─── Data records ───
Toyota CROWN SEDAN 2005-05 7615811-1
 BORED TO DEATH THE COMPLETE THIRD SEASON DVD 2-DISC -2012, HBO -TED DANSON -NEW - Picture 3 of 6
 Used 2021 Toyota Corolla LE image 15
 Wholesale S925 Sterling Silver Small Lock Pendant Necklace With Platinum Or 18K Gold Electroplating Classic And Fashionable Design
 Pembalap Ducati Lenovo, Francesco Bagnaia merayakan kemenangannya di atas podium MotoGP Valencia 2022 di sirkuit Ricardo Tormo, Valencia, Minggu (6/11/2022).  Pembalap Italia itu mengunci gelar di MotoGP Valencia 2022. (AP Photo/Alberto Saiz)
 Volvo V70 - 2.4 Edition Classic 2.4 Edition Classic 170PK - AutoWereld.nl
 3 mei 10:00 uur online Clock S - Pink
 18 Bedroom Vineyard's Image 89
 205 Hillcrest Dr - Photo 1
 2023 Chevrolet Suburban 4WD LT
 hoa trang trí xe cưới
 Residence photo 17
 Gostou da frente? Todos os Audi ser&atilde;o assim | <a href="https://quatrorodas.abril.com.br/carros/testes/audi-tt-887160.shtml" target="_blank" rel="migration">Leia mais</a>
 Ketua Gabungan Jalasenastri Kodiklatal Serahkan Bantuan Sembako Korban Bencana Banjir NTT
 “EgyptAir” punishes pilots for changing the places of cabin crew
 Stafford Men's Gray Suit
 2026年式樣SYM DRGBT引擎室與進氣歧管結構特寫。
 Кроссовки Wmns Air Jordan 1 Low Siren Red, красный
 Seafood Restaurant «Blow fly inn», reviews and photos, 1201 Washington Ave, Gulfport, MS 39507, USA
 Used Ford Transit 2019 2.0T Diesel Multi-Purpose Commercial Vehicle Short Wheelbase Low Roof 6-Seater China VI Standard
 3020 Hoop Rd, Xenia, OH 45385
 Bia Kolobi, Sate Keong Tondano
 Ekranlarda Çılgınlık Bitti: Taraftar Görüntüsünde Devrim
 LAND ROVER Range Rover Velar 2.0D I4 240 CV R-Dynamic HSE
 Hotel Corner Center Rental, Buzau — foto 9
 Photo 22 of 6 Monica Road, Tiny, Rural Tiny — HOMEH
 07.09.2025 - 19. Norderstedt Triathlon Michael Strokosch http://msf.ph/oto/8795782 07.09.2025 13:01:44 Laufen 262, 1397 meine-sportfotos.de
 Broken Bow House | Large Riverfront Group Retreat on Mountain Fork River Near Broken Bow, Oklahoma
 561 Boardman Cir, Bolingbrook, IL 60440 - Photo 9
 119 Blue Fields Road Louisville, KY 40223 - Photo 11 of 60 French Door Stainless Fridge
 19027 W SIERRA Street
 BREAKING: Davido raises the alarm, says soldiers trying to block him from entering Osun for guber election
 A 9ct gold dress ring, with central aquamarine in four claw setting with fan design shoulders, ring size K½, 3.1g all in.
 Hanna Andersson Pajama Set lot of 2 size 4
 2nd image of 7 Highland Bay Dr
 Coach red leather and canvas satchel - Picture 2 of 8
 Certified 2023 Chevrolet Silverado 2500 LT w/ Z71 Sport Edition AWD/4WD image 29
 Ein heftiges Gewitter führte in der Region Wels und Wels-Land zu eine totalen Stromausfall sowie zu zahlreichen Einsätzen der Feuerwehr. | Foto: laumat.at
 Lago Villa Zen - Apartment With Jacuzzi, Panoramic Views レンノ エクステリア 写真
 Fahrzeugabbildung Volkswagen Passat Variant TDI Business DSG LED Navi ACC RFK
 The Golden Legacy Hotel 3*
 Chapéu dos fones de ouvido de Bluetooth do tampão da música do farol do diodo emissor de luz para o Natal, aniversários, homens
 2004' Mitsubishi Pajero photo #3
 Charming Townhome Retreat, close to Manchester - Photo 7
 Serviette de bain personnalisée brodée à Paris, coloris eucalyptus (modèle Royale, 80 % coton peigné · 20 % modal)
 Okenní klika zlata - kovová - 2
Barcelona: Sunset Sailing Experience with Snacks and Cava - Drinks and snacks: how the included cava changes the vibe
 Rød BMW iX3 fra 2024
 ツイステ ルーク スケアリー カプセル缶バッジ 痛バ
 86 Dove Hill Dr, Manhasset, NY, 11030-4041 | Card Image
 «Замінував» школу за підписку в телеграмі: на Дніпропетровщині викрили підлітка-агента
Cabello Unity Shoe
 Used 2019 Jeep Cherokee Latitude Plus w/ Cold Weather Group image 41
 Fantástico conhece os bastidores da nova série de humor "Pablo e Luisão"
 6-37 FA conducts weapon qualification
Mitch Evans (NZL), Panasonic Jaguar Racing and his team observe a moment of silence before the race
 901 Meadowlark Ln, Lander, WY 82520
───
Above are the entries; copy out every line among them that contains the word "Road".

**Answer space:**
 Photo 22 of 6 Monica Road, Tiny, Rural Tiny — HOMEH
 119 Blue Fields Road Louisville, KY 40223 - Photo 11 of 60 French Door Stainless Fridge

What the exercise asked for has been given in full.